Stored items:
────────────────────────────────────────

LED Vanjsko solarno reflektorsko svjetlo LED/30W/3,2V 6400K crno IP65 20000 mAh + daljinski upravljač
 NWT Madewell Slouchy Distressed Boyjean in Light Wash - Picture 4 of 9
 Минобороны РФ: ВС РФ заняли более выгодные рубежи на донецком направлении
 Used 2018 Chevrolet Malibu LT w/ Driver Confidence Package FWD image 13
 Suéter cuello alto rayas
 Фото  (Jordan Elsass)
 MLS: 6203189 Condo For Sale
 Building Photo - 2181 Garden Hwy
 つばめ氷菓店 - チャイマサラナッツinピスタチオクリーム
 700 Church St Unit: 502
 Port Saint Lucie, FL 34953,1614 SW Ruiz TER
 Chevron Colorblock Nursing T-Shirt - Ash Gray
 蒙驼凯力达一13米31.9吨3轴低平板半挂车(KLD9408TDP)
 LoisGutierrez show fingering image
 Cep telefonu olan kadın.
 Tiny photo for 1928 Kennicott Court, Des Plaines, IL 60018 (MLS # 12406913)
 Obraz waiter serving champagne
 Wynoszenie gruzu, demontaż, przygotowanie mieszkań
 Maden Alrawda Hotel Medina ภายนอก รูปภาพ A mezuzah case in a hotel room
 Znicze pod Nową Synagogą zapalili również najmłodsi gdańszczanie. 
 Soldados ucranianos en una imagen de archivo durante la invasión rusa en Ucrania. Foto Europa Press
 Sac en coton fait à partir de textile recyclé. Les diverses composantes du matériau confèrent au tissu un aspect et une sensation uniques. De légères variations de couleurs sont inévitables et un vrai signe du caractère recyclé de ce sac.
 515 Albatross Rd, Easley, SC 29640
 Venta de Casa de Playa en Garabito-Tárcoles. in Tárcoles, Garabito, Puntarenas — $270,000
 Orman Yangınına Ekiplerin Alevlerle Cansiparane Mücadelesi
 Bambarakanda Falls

────────────────────────────────────────

=== WHAT THIS TASK INVOLVES ===
Reproduce all entries. Keep them exact.

=== YOUR RESPONSE ===
LED Vanjsko solarno reflektorsko svjetlo LED/30W/3,2V 6400K crno IP65 20000 mAh + daljinski upravljač
 NWT Madewell Slouchy Distressed Boyjean in Light Wash - Picture 4 of 9
 Минобороны РФ: ВС РФ заняли более выгодные рубежи на донецком направлении
 Used 2018 Chevrolet Malibu LT w/ Driver Confidence Package FWD image 13
 Suéter cuello alto rayas
 Фото  (Jordan Elsass)
 MLS: 6203189 Condo For Sale
 Building Photo - 2181 Garden Hwy
 つばめ氷菓店 - チャイマサラナッツinピスタチオクリーム
 700 Church St Unit: 502
 Port Saint Lucie, FL 34953,1614 SW Ruiz TER
 Chevron Colorblock Nursing T-Shirt - Ash Gray
 蒙驼凯力达一13米31.9吨3轴低平板半挂车(KLD9408TDP)
 LoisGutierrez show fingering image
 Cep telefonu olan kadın.
 Tiny photo for 1928 Kennicott Court, Des Plaines, IL 60018 (MLS # 12406913)
 Obraz waiter serving champagne
 Wynoszenie gruzu, demontaż, przygotowanie mieszkań
 Maden Alrawda Hotel Medina ภายนอก รูปภาพ A mezuzah case in a hotel room
 Znicze pod Nową Synagogą zapalili również najmłodsi gdańszczanie. 
 Soldados ucranianos en una imagen de archivo durante la invasión rusa en Ucrania. Foto Europa Press
 Sac en coton fait à partir de textile recyclé. Les diverses composantes du matériau confèrent au tissu un aspect et une sensation uniques. De légères variations de couleurs sont inévitables et un vrai signe du caractère recyclé de ce sac.
 515 Albatross Rd, Easley, SC 29640
 Venta de Casa de Playa en Garabito-Tárcoles. in Tárcoles, Garabito, Puntarenas — $270,000
 Orman Yangınına Ekiplerin Alevlerle Cansiparane Mücadelesi
 Bambarakanda Falls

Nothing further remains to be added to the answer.